━━━ Supplied data

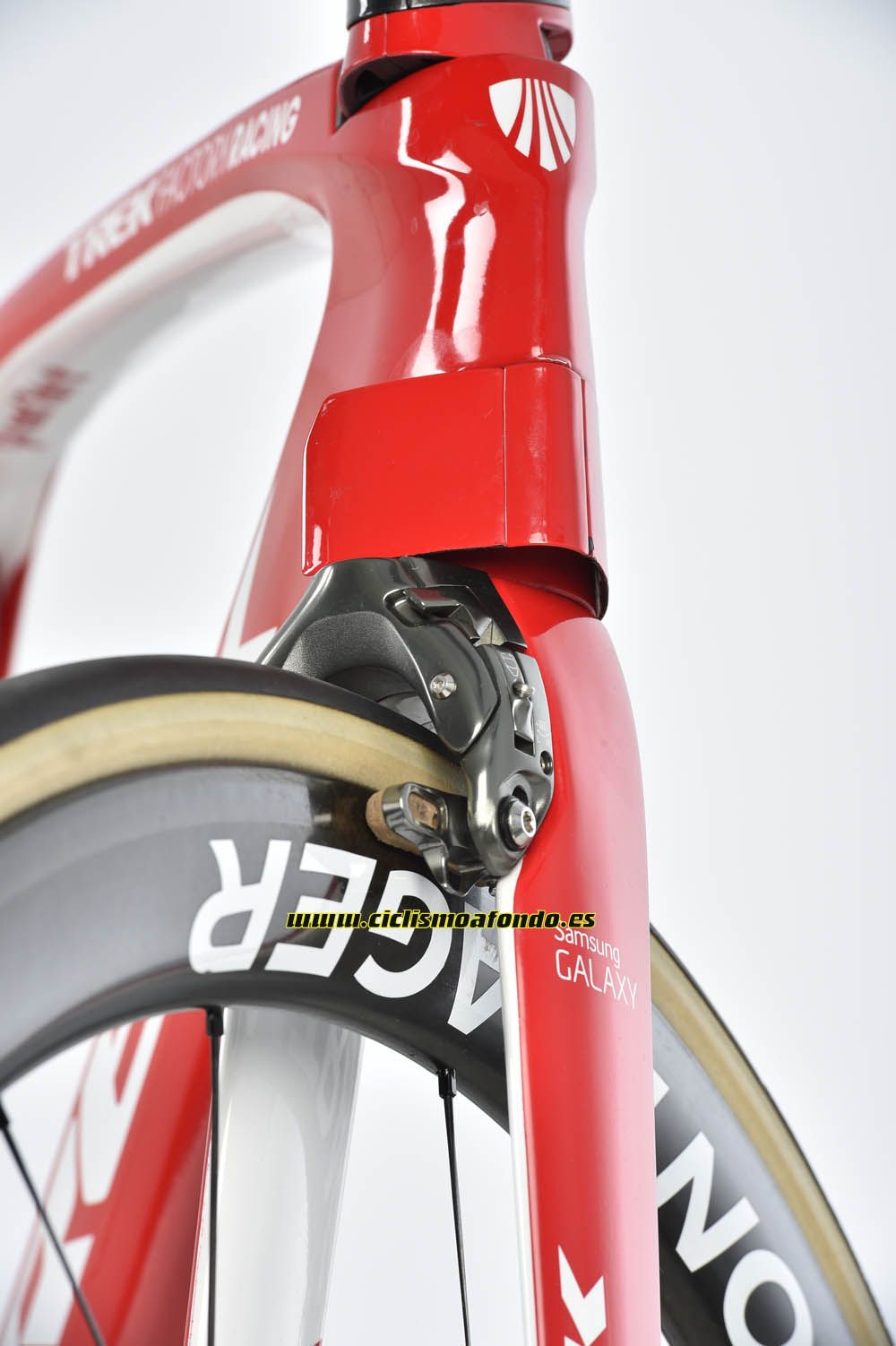 Prueba: Trek Madone 9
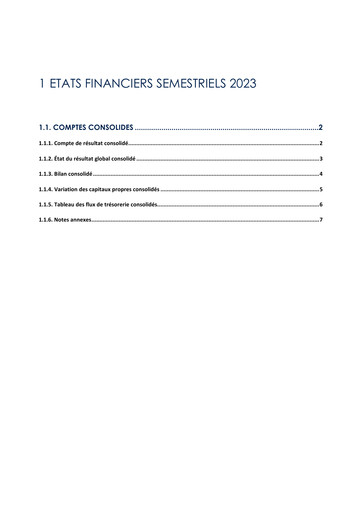 Vorschaubild Nexans Finanzmitteilung 2023-h1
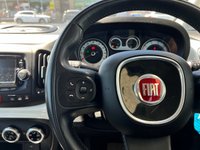 USED 2014 64 FIAT 500L 1.3 MultiJet Pop Star MPV 5dr Diesel Dualogic Euro 5 (s/s) (85 bhp) 
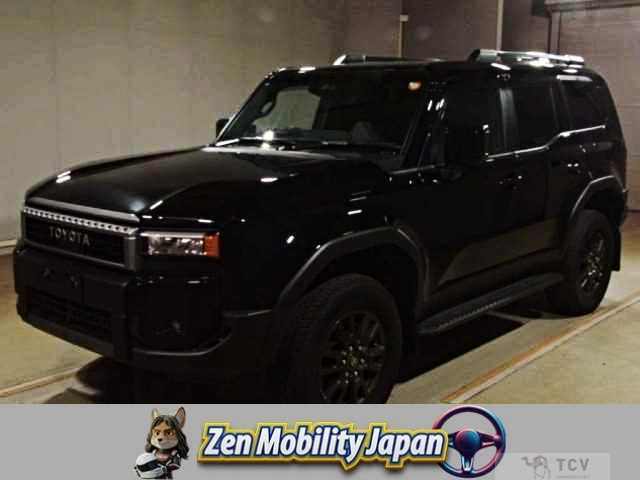 2024 Toyota Land Cruiser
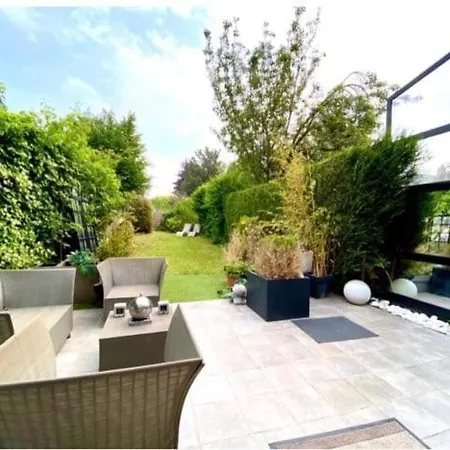 Maison 4 Avec Jardin Marcq&lille Hébergement de vacances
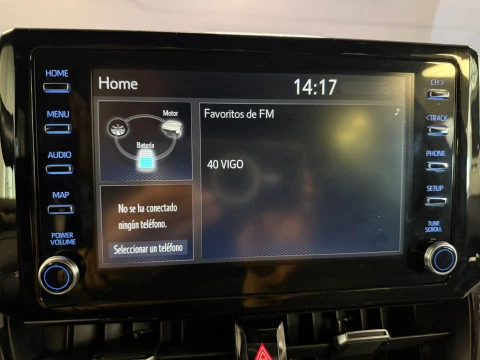 Toyota Corolla 1.8 125H STYLE E-CVT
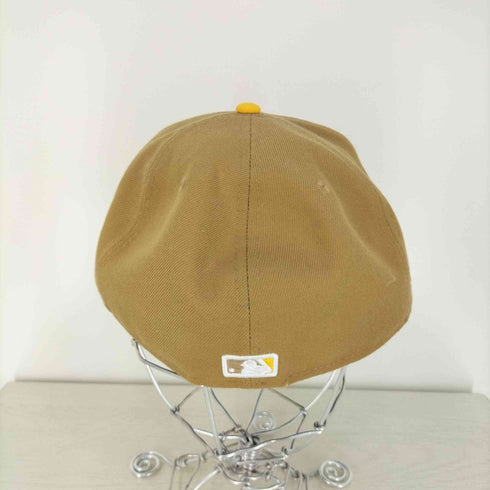 ニューエラ NEW ERA THE CAP別注 59FIFTY Mustum Ardens Pack MLB チームロゴ刺繍 6パネルキャップ メンズ 7 1/2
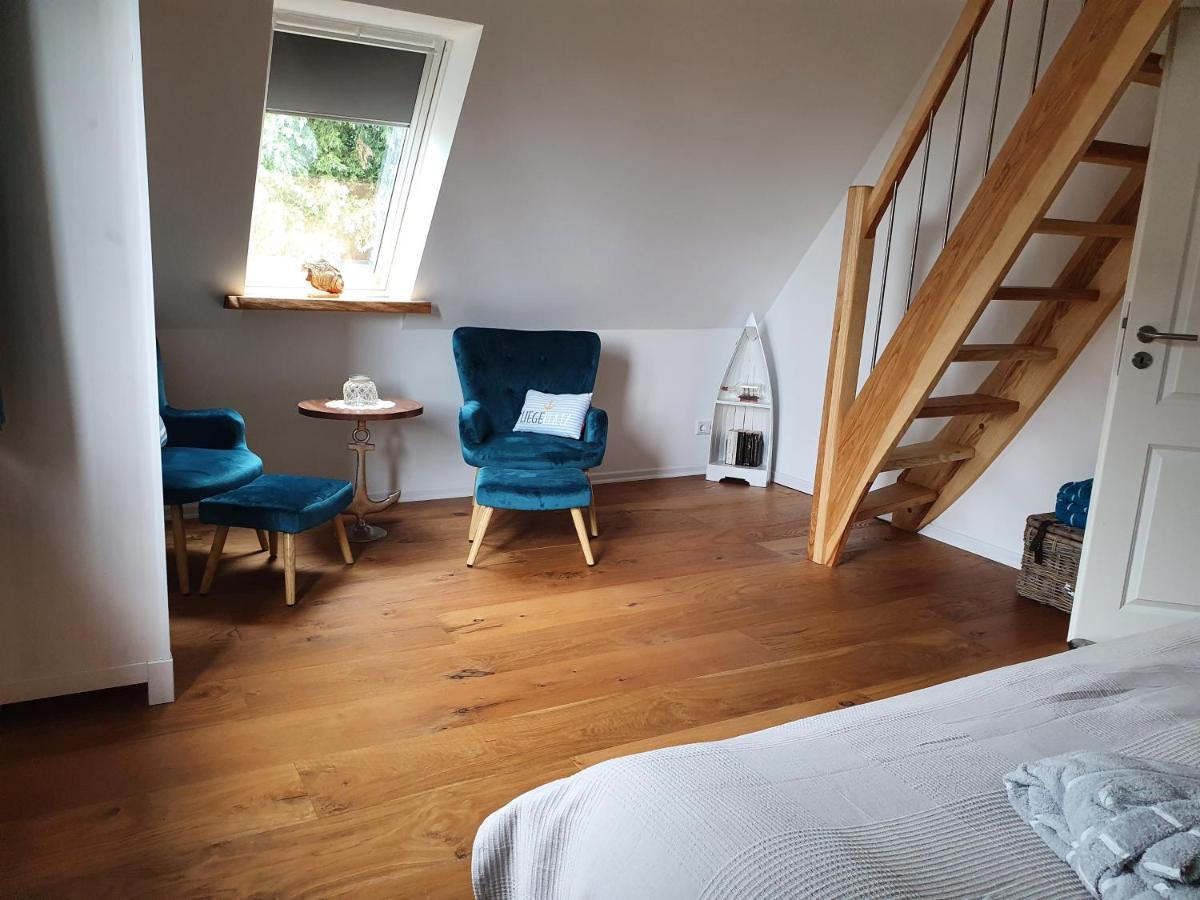 Villa Nordlichthuus Tönning Esterno foto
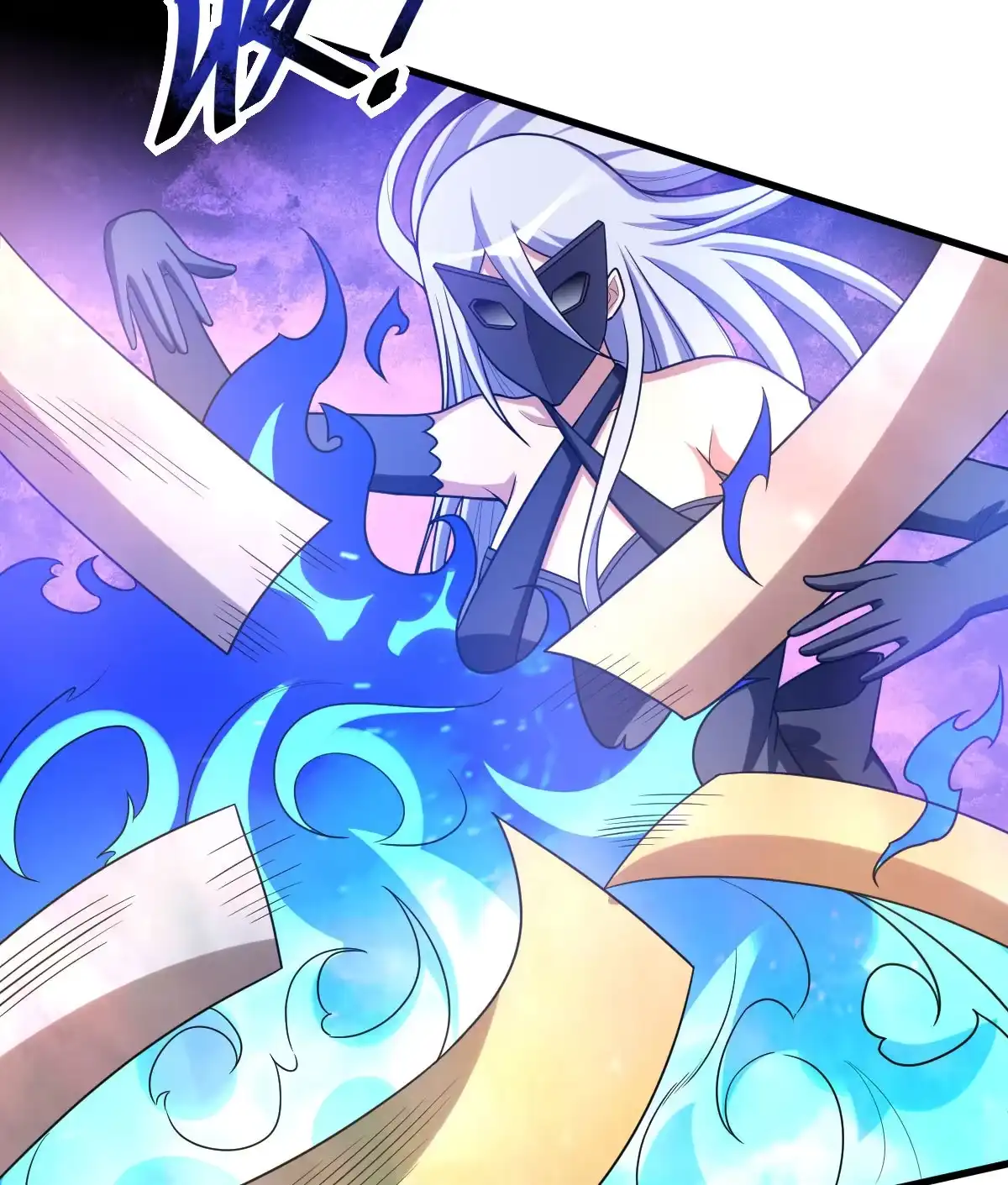 第159话乔小敏回来了-我的灵界女友们--冬漫社-（第11张）
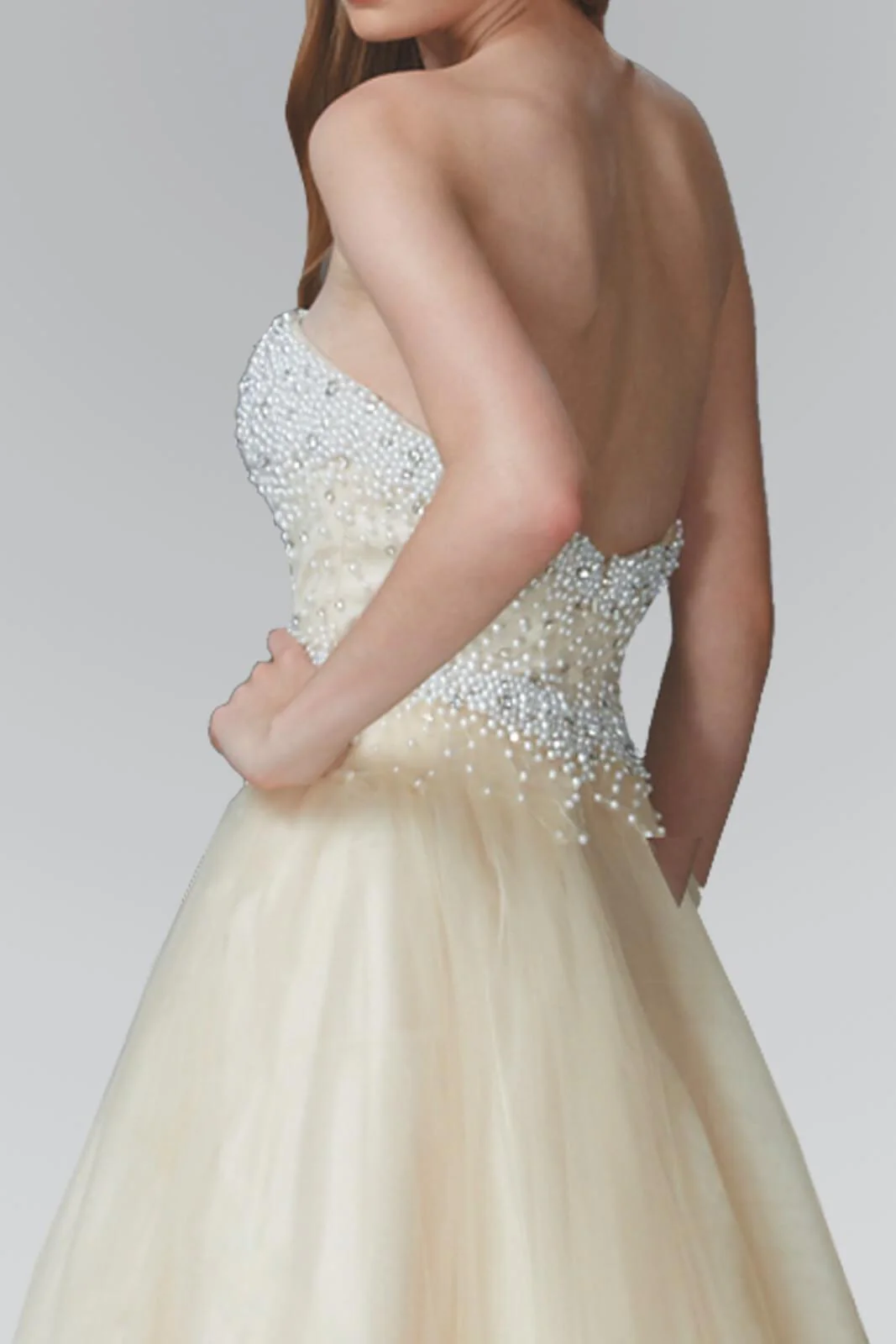 Long Prom Dress Formal Ball Gown Sale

━━━━━━

Exercise directions: Each line of the data above must be repeated exactly, images excluded.

Written solution:
 Prueba: Trek Madone 9
 Vorschaubild Nexans Finanzmitteilung 2023-h1
 USED 2014 64 FIAT 500L 1.3 MultiJet Pop Star MPV 5dr Diesel Dualogic Euro 5 (s/s) (85 bhp) 
 2024 Toyota Land Cruiser
 Maison 4 Avec Jardin Marcq&lille Hébergement de vacances
 Toyota Corolla 1.8 125H STYLE E-CVT
 ニューエラ NEW ERA THE CAP別注 59FIFTY Mustum Ardens Pack MLB チームロゴ刺繍 6パネルキャップ メンズ 7 1/2
 Villa Nordlichthuus Tönning Esterno foto
 第159话乔小敏回来了-我的灵界女友们--冬漫社-（第11张）
 Long Prom Dress Formal Ball Gown Sale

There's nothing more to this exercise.